Minimum Spanning Tree

Introduction

A Minimum Spanning Tree (MST) of a connected, undirected graph is a spanning tree that has the minimum possible total edge weight. A spanning tree is a subgraph that includes all the vertices of the original graph and is a tree (i.e., it is connected and has no cycles). The MST is useful in various applications, such as network design, clustering, and optimization problems. There are two popular algorithms to find the MST: Kruskal’s Algorithm and Prim’s Algorithm.

Kruskal’s Algorithm

Kruskal’s Algorithm is a greedy algorithm that finds the MST by adding edges in increasing order of weight, ensuring that no cycles are formed.

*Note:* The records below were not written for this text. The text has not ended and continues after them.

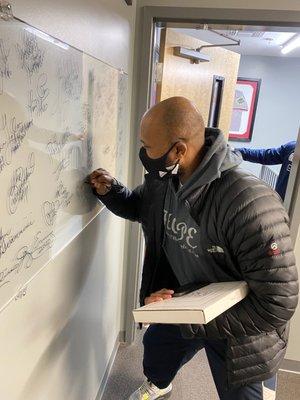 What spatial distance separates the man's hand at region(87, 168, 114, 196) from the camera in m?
1.17

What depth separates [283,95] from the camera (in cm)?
456

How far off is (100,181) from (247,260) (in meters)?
0.57

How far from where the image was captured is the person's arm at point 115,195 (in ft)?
3.94

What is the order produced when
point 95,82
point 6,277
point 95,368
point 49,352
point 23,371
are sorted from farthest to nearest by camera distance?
point 95,368 → point 95,82 → point 49,352 → point 23,371 → point 6,277

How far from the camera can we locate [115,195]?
1314 millimetres

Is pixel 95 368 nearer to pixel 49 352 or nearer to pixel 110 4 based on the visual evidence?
pixel 49 352

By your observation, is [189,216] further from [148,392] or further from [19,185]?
[148,392]

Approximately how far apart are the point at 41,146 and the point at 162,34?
4.16ft

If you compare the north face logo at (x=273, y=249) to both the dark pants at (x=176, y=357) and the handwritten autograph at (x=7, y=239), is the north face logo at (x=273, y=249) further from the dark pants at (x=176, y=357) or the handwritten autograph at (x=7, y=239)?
the handwritten autograph at (x=7, y=239)

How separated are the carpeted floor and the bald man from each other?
589mm

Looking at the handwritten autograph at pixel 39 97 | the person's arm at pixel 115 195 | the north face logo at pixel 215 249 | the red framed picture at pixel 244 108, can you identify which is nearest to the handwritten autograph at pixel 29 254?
the handwritten autograph at pixel 39 97

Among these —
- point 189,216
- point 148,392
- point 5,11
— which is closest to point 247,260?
A: point 189,216

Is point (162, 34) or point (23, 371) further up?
point (162, 34)

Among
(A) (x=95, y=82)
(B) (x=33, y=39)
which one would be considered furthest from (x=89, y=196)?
(B) (x=33, y=39) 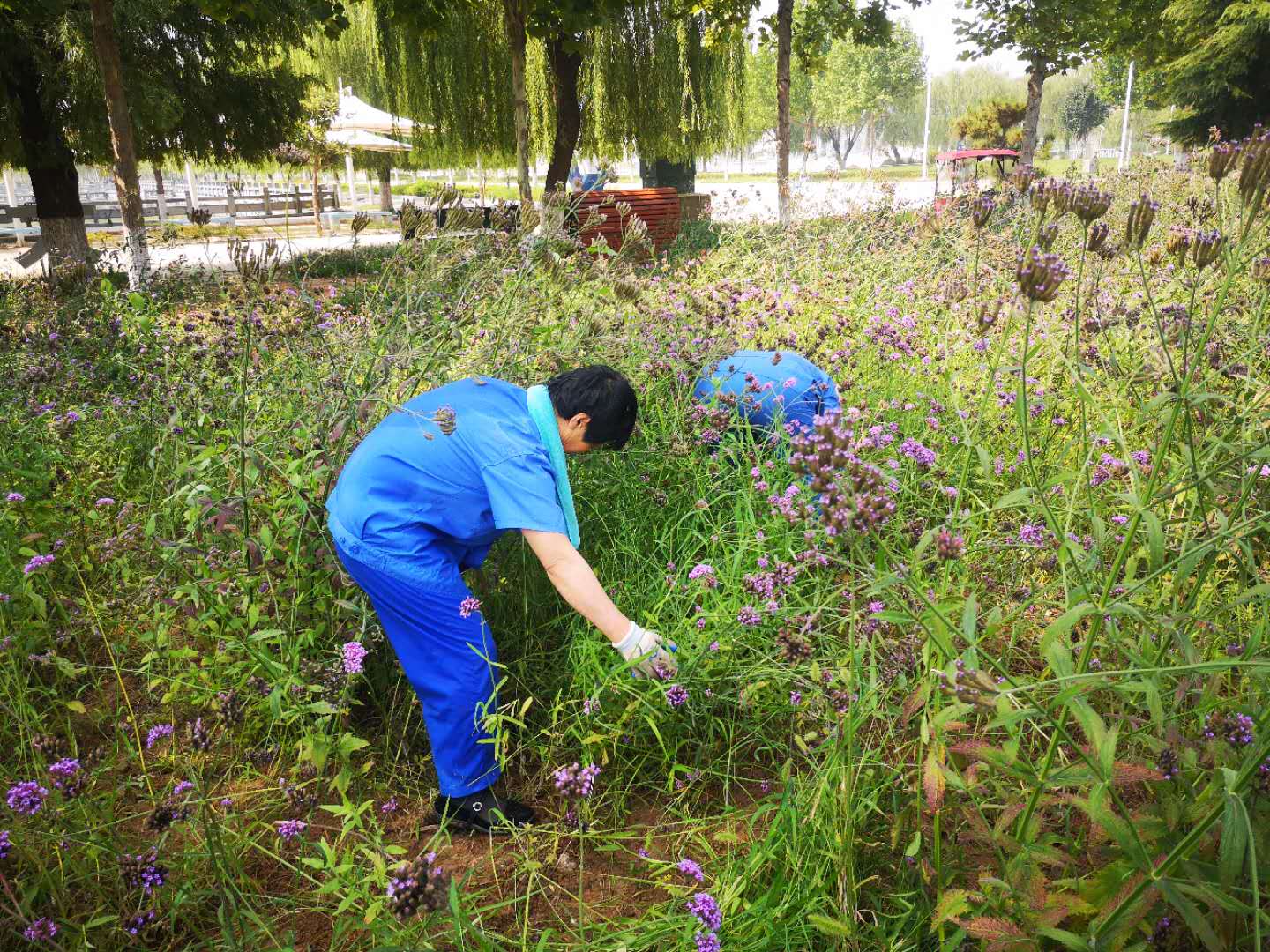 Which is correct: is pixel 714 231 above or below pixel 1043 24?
below

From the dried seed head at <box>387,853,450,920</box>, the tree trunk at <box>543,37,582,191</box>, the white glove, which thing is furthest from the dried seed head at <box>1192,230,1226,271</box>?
the tree trunk at <box>543,37,582,191</box>

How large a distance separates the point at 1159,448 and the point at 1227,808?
26.9 inches

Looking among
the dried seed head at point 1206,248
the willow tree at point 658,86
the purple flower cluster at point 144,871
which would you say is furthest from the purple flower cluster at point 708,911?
the willow tree at point 658,86

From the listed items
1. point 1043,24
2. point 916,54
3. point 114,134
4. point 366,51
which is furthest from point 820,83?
point 114,134

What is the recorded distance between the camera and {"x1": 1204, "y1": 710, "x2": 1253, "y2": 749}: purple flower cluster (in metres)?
1.56

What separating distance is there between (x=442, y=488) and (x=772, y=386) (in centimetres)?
139

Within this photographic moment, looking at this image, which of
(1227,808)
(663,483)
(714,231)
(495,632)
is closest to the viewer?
(1227,808)

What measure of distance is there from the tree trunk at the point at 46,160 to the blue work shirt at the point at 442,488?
32.1 feet

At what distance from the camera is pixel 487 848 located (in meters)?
2.41

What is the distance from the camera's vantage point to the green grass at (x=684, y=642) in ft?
5.19

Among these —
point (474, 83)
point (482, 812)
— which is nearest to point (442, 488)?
point (482, 812)

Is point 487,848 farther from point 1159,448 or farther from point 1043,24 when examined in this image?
point 1043,24

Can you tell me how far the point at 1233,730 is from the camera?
5.16 ft

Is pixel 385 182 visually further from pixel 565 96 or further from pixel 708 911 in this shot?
pixel 708 911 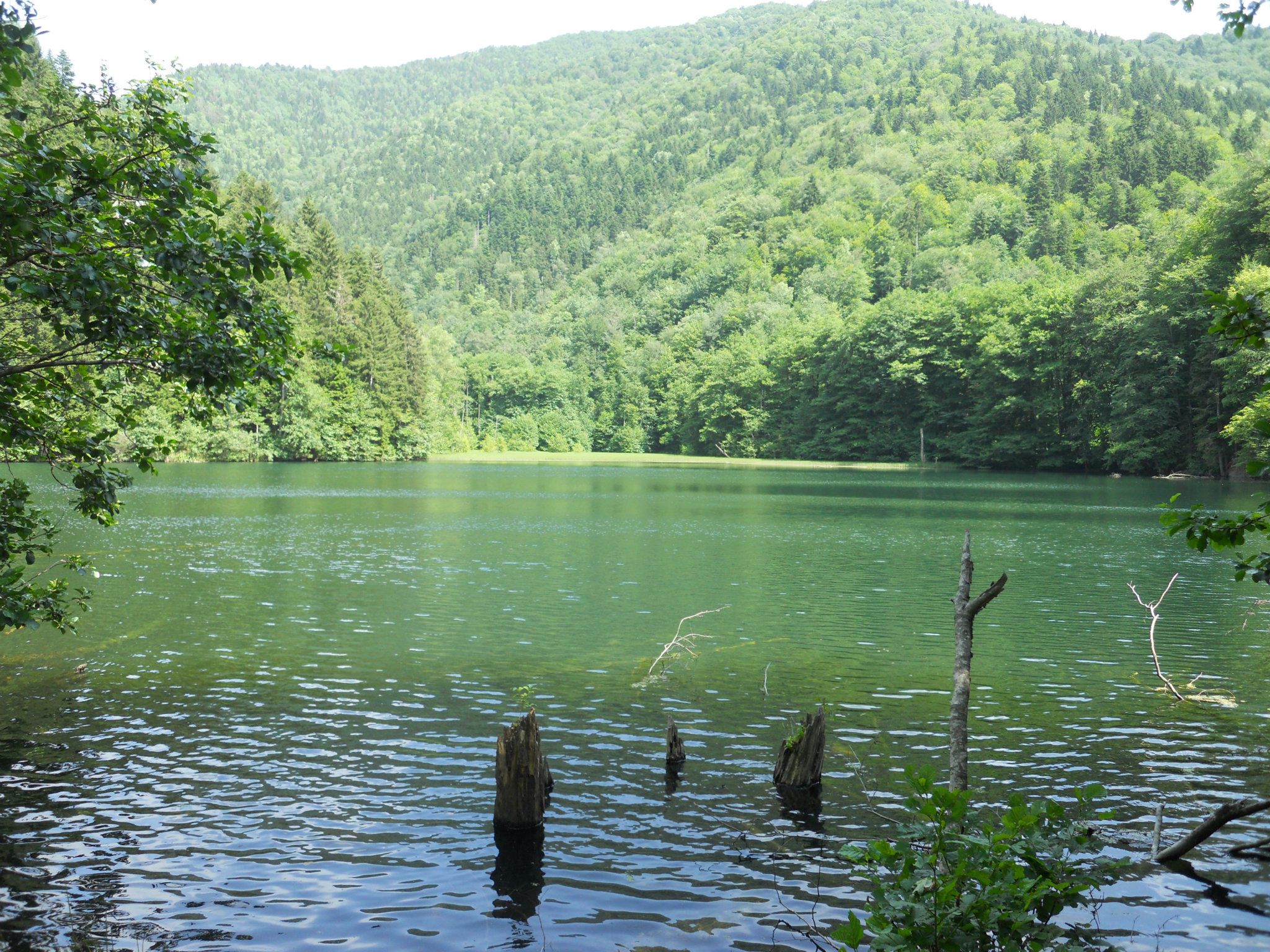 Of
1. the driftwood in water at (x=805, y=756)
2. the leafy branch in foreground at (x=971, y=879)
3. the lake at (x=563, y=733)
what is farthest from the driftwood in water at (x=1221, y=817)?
the driftwood in water at (x=805, y=756)

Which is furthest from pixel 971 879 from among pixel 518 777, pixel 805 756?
pixel 805 756

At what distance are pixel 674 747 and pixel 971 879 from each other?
6903 mm

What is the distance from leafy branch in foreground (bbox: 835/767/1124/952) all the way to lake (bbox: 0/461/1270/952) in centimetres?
288

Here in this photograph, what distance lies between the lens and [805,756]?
1140 cm

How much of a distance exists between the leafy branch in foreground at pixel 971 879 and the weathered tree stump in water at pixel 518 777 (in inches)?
197

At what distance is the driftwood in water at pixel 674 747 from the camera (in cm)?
1229

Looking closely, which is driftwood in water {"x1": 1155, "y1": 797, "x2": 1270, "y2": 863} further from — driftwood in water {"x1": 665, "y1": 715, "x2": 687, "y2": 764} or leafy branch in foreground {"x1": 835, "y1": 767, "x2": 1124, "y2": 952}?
driftwood in water {"x1": 665, "y1": 715, "x2": 687, "y2": 764}

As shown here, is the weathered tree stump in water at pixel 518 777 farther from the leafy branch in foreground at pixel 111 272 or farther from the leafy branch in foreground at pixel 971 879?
the leafy branch in foreground at pixel 971 879

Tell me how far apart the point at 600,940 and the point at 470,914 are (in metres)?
1.21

  1. Sort all edges in non-decreasing order of their weight.
  2. Initialize an empty forest (a set of trees).
  3. For each edge in the sorted list:
    • If adding the edge does not form a cycle, add it to the forest.
    • Use a disjoint-set data structure to efficiently check for cycles.

Explanation

The interactive demo below shows Kruskal’s algorithm on a fixed weighted graph. The edges are considered in the following order:

\[ (C,D,3),(B,D,4),(B,C,5),(A,B,6),(A,D,8),(A,C,10) \]

Current step:
Sorted edges:
Accepted edges:
Components:
Edge currently considered
Edge accepted into the forest
Edge rejected because it forms a cycle

Kruskal’s algorithm accepts $(C,D,3)$ and $(B,D,4)$ first. The edge $(B,C,5)$ is skipped because its endpoints are already in the same connected component. Then $(A,B,6)$ connects the remaining component, so the algorithm obtains an MST of total weight $13$.

Proof of Correctness

Let $G=(V,E)$ be a connected undirected graph with weight function $w:E\to\mathbb{R}$. For a set $A\subseteq E$, call $A$ promising if there exists an MST $T$ such that $A\subseteq T$. We first prove the following safe-edge lemma.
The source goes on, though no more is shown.